Einer Inanspruchnahme der Klägerin steht auch nicht entgegen, dass die nach § 14c UStG geschuldete Steuer mit einer von den Leistungsempfängern nach § 13b UStG geschuldeten Umsatzsteuer “materiell identisch” ist. Aus der gesetzlichen Regelung in § 14c UStG folgt, dass es sich hierbei um einen zusätzlichen Steueranspruch des Fiskus handelt, der erst mit einer wirksamen Berichtigung (§ 14c Abs. 1 Satz 2 UStG), aber nicht mit der Begleichung der Umsatzsteuer durch den Empfänger erlischt.
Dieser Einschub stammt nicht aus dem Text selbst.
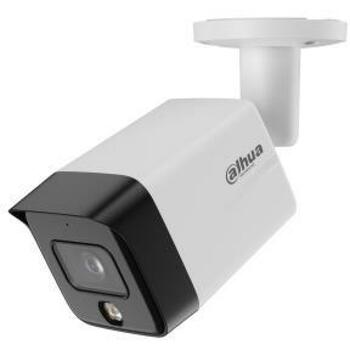 Dahua IPC-HFW1639TCAIL0280BS6 камера наблюдения, 6 МП, 3200 x 1800 пикселей, 20 fps, ИК 30 м, IP67, 12 VDC/PoE (IPC-HFW1639TCAIL0280BS6)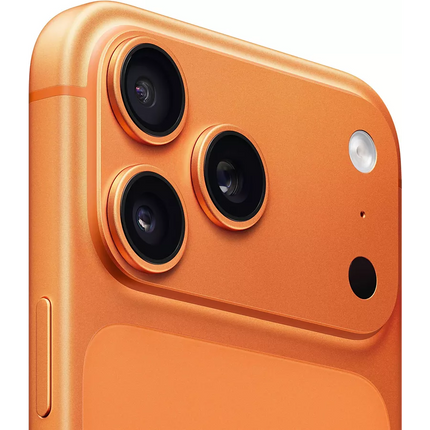 Smartphone APPLE iPhone 17 Pro Max Orange cosmique 2To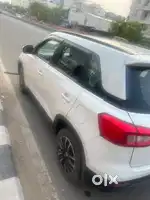Maruti Suzuki Brezza 2021 Petrol 21800 Km Driven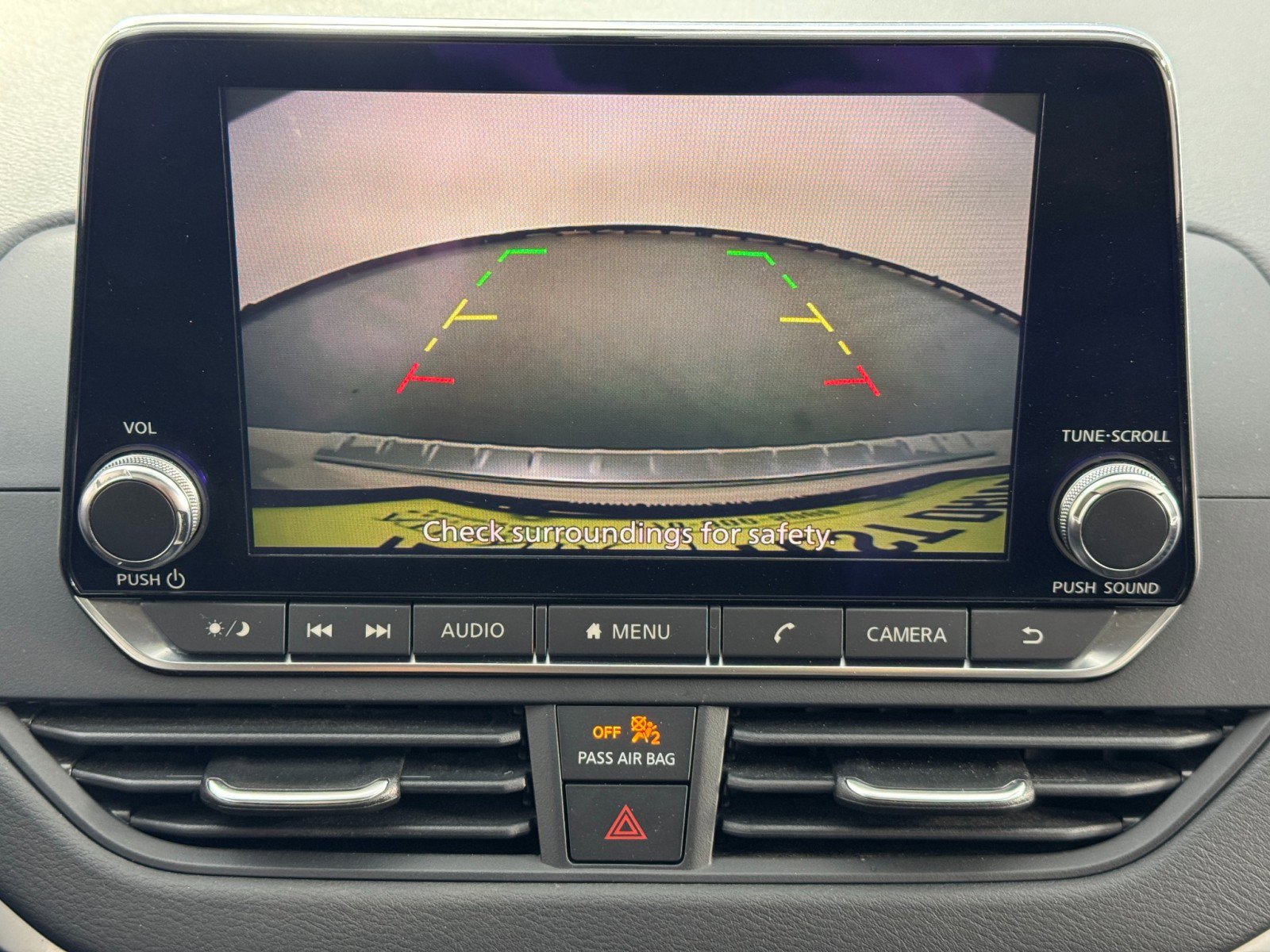 Used 2019 Nissan Altima 2.5 SR w/ SR Premium Package image 24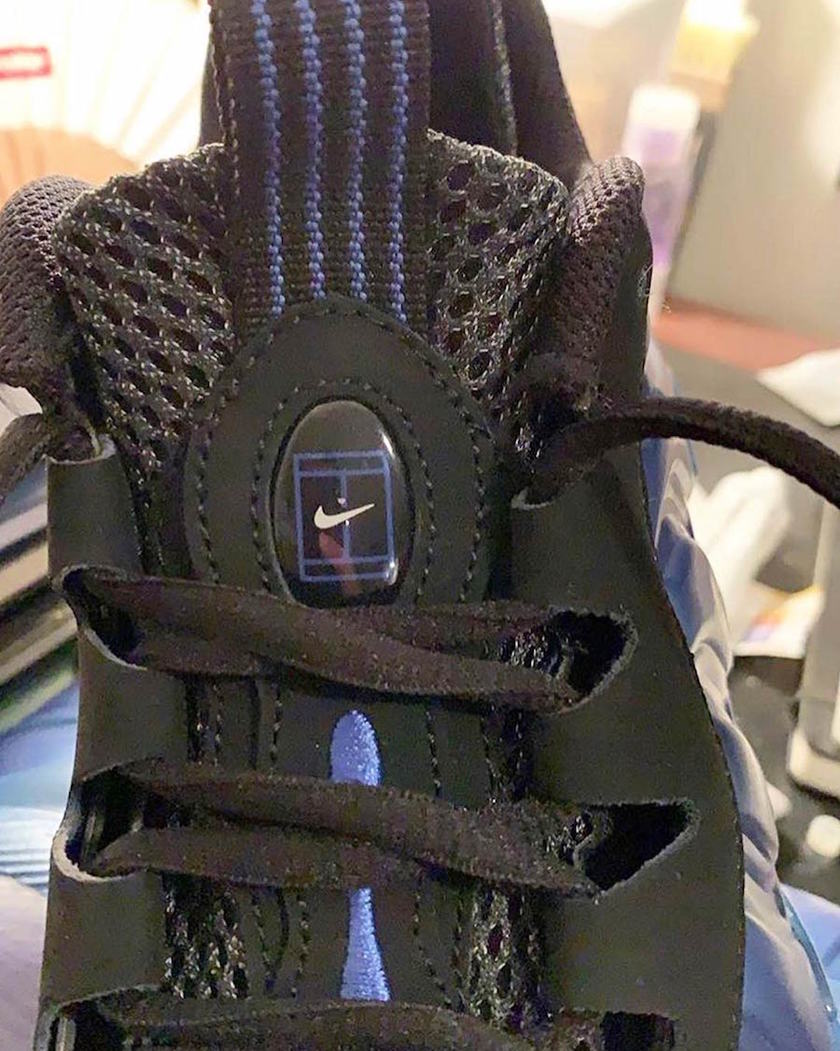 Nike Foamposite Vapor Xç½çéçå:registered:¶èè²å叿¥æ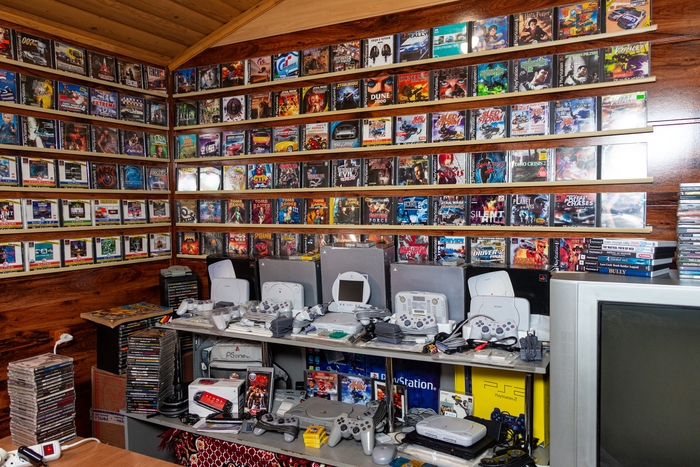 ��������� PS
Von grundsätzlicher Bedeutung ist auch nicht die Rechtsfrage, ob die Argumentation des Gerichtshofs der Europäischen Union (EuGH) in der Entscheidung Senatex vom 15. September 2016 C-518/14 (EU:C:2016:691) zur Rückwirkung bei Rechnungsberechtigungen auf die Konstellation einer Umsatzsteuerschuld nach § 14c UStG übertragen werden kann. Denn es ist höchstrichterlich bereits entschieden, dass einer Rechnungsberichtigung i.S. des § 14c Abs. 1 Satz 2 UStG keine Rückwirkung auf den Zeitpunkt der Ausstellung der Rechnung zukommt (BFH-Urteil in BFHE 255, 474, Leitsatz 3). Wie sich aus der Verweisung in § 14c Abs. 1 Satz 2 UStG auf § 17 Abs. 1 UStG ergibt, wirkt die Rechnungsberichtigung erst für den Besteuerungszeitraum der Berichtigung ohne Rückwirkung auf den Besteuerungszeitraum der Rechnungserteilung; jede andere Auslegung wäre mit dem Normzweck des § 14c UStG und des Art. 203 MwStSystRL, einer Gefährdung des Steueraufkommens durch einen unzutreffenden Steuerausweis in Rechnungen entgegenzuwirken, nicht zu vereinbaren.

Der Umstand, dass nach der Rechtsprechung des EuGH einer Rechnungsberichtigung beim Vorsteuerabzug unter bestimmten Voraussetzungen Rückwirkung zukommen kann (vgl. EuGH-Urteile Senatex, EU:C:2016:691, UR 2016, 800; Barlis 06 – Investimentos Imobiliarios e Turisticos vom 15. September 2016 C-516/14, EU:C:2016:690, UR 2016, 795) führt deshalb in Bezug auf § 14c Abs. 1 Satz 2 UStG zu keiner anderen Beurteilung.